Out of the ground humanity began. Ground became well-stewarded promised land and yielded agricultural gifts. Land, ground, soil, is the subject of most wars. Ground, turf, acreage is part of the object of homecoming. People even aspire to own, to hold title to a plot or parcel of terrain or ground! I know, scripture tells us God owns it all, land is can't-be-bought-or-sold inalienable.
I've illustrated today's word with my designs for Season of Creation 2014. Season of Creation liturgical emphasis readings parallel the Revised Common Lectionary, with a four Sundays in September series for each year A, B, and C. 2014 was Matthew's RCL Year A, the same as our current one. If you're not in Australia where the Season of Creation originated, you can feature wilderness rather than outback.
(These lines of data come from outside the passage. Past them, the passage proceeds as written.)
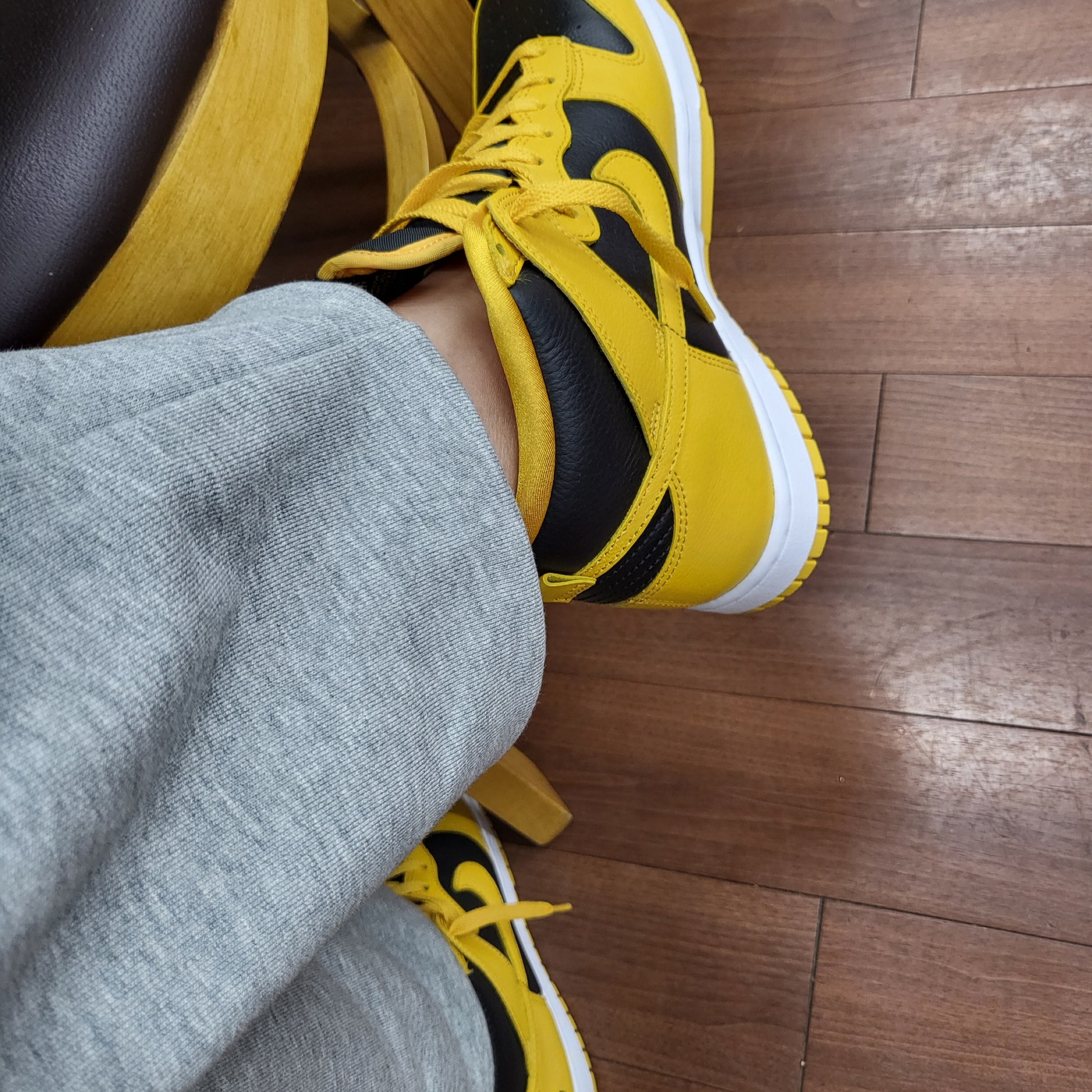 Nike Wu-Tang Clan Dunk High Black and Pollen 착용 스타일 - 1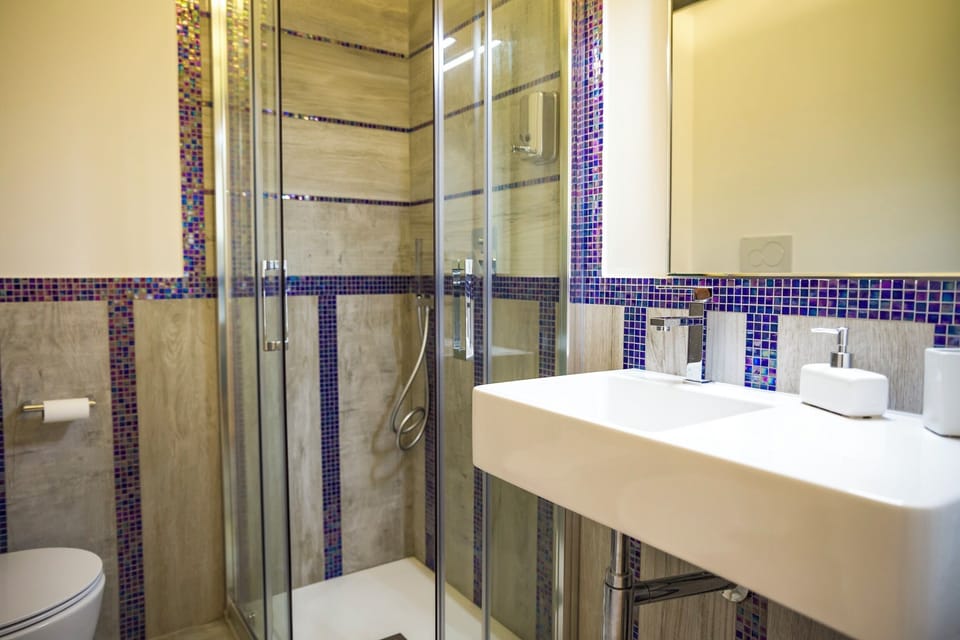 Room, 1 Bedroom, Smoking, Balcony | Bathroom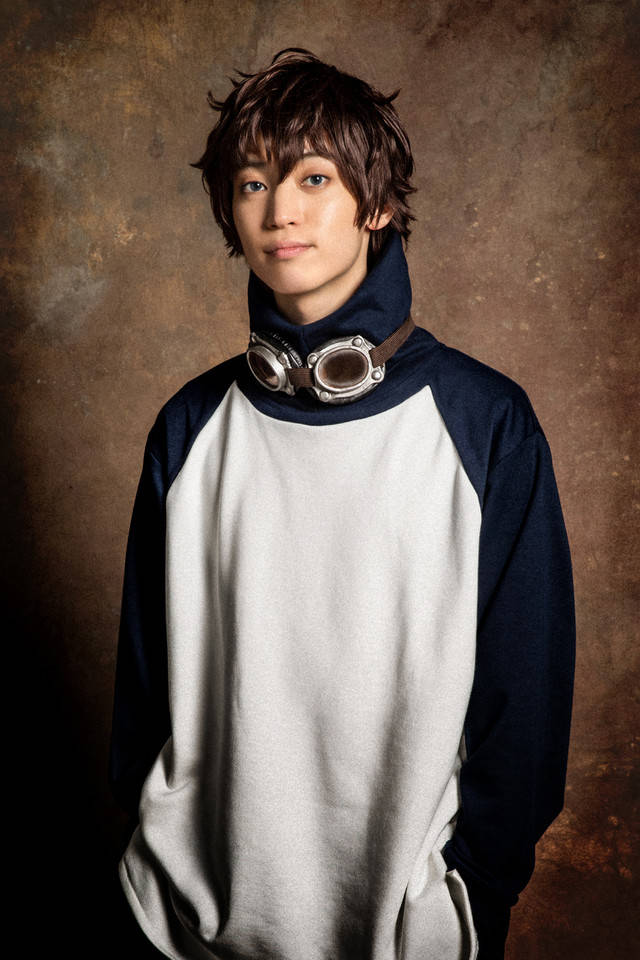 百濑朔饰演雷欧纳鲁德·渥奇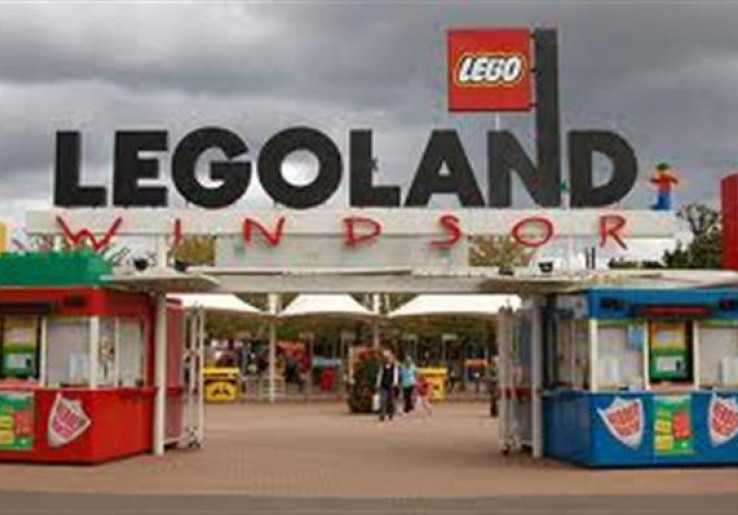 Gaji Selangit, Brown Andalkan Tiket Gratis ke Legoland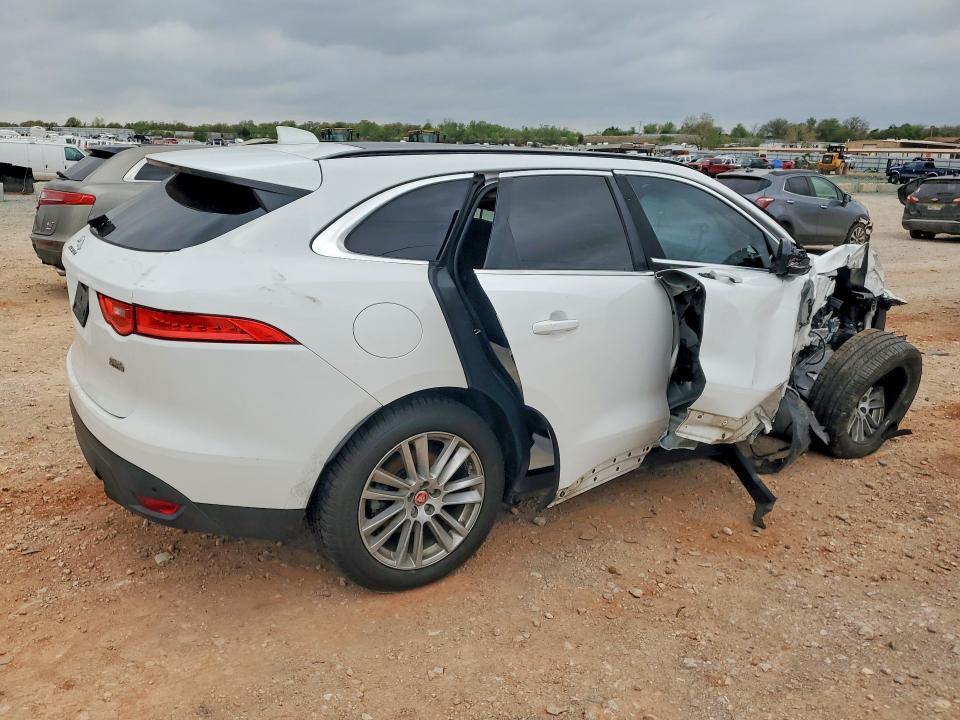 Aukcja sprzedaży 2018 Jaguar F-pace, vin: SADCK2FX9JA276359, numer aukcji: 48592896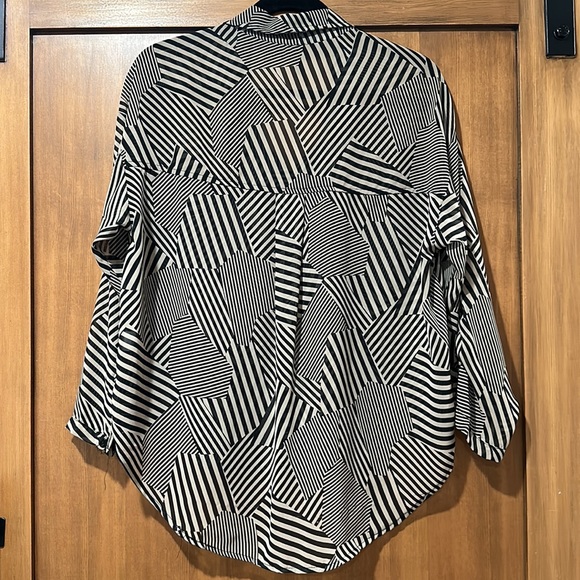 Geometric button down blouse - Picture 2 of 2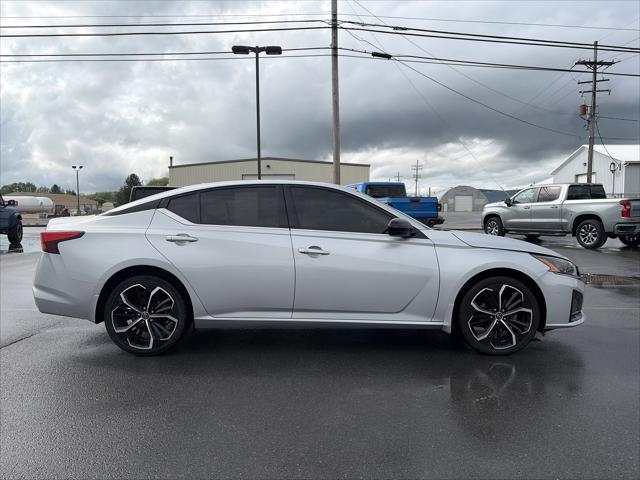 2023 Nissan Altima SR Intelligent AWD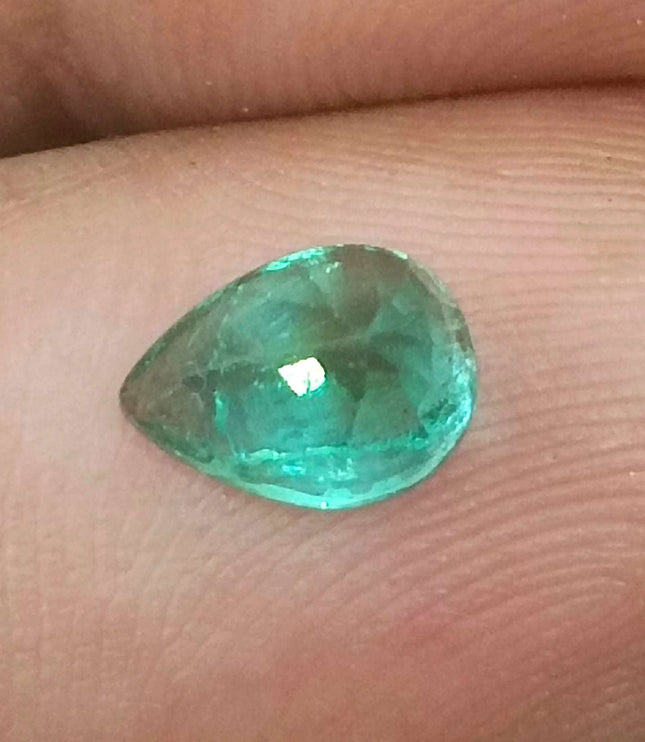 Certified 1.04ct Natural Zambian Emerald.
Gospel reading for the second Sunday in Creation Year A, Land, is Matthew 12:40:
Just as Jonah was three days and three nights in the belly of the great fish, so shall the Human One be three days and three nights in the heart of the earth.
Earth is another way to say ground.
Ground is the essential basis of something—we talk about "ground zero" of a pivotal event. We talk about a person being grounded, sometimes about ourselves not feeling sufficiently grounded. You can't go lower or deeper than being on the ground: twentieth-century theologian Paul Tillich famously called God the ground of being. When an earthquake shakes a town's geological foundation here in southern California, people feel as if their whole lives have become ungrounded.